# New to the forum. England based



## dadofthreekids (May 10, 2019)

Hi all, I'm completely new to the forum. I'm based in England. Wonder how many fellow brits we have here. Been separated for 3 months now. Have 3 kids and am about to file for divorce. 

Sent from my CLT-L09 using Tapatalk


----------



## EleGirl (Dec 3, 2011)

Hi, there are a few people who post here from the UK. One is the moderator MattMatt.


----------



## Diana7 (Apr 19, 2016)

I am British also. Why are you divorcing?


----------



## BigToe (Jun 2, 2011)

EleGirl said:


> Hi, there are a few people who post here from the UK. One is the moderator MattMatt.


Interesting. I thought there was a large British membership here.


----------



## EleGirl (Dec 3, 2011)

BigToe said:


> Interesting. I thought there was a large British membership here.


TAM has 95,903 members. I don't know what percentage are from the UK.


----------



## Ragnar Ragnasson (Mar 4, 2018)

Welcome aboard!

Ragnar


----------



## dadofthreekids (May 10, 2019)

Been separated for 9 months, not 3. She cheated on me. Things got bad and I noticed she was out a lot. I eventually had enough and called it. Then my suspicions were right and she let her guard down. She cheated on me and since then became completely detached from me.

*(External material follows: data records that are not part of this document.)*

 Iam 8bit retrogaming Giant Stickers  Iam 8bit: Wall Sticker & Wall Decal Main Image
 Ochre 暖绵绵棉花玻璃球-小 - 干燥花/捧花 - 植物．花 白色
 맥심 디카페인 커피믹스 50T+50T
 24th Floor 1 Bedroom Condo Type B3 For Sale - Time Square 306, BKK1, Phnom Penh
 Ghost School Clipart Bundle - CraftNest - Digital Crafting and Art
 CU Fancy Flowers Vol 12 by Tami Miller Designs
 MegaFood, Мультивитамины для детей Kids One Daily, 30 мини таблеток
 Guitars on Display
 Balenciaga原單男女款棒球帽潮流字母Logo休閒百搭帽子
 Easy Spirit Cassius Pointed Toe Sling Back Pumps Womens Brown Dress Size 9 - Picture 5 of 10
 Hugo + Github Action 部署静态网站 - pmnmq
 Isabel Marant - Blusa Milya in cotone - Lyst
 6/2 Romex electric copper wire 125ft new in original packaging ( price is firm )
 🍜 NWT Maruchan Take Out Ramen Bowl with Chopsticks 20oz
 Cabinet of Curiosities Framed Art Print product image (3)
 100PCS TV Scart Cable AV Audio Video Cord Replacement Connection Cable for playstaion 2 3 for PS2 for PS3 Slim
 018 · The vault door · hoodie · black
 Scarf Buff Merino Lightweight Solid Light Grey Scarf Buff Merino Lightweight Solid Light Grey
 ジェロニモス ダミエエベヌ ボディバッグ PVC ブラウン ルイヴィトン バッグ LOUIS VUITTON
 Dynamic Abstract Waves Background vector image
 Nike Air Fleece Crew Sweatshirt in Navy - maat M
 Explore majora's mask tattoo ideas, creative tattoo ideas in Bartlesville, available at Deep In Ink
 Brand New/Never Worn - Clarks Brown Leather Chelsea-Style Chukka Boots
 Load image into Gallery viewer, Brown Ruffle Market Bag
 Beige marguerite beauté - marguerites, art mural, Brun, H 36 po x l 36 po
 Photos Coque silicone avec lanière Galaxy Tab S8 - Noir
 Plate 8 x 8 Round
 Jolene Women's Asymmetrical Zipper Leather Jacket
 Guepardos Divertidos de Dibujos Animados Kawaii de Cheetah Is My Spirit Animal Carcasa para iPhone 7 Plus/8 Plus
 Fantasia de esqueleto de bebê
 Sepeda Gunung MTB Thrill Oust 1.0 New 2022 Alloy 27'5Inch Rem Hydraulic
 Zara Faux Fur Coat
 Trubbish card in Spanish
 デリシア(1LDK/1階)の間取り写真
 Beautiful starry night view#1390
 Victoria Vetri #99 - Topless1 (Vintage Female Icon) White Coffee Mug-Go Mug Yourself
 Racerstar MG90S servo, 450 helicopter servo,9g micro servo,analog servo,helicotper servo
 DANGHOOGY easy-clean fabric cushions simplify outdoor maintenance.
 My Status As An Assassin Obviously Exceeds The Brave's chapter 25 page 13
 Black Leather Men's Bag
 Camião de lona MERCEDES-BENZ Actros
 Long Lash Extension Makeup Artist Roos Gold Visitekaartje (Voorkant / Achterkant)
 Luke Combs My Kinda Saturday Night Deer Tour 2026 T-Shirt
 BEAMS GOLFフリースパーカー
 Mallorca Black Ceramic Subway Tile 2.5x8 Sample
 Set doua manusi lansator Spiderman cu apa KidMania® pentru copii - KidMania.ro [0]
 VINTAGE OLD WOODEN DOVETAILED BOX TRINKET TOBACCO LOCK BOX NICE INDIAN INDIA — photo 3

Sent from my CLT-L09 using Tapatalk


----------



## TAMAT (Jun 20, 2015)

Not British, except likely some ancestry, but I did hiss at home wrecker Camilla being at her step sons wedding, Charles has some cheek marrying her.


----------



## dadofthreekids (May 10, 2019)

Lol with the homewrecker comment! 

Sent from my CLT-L09 using Tapatalk


----------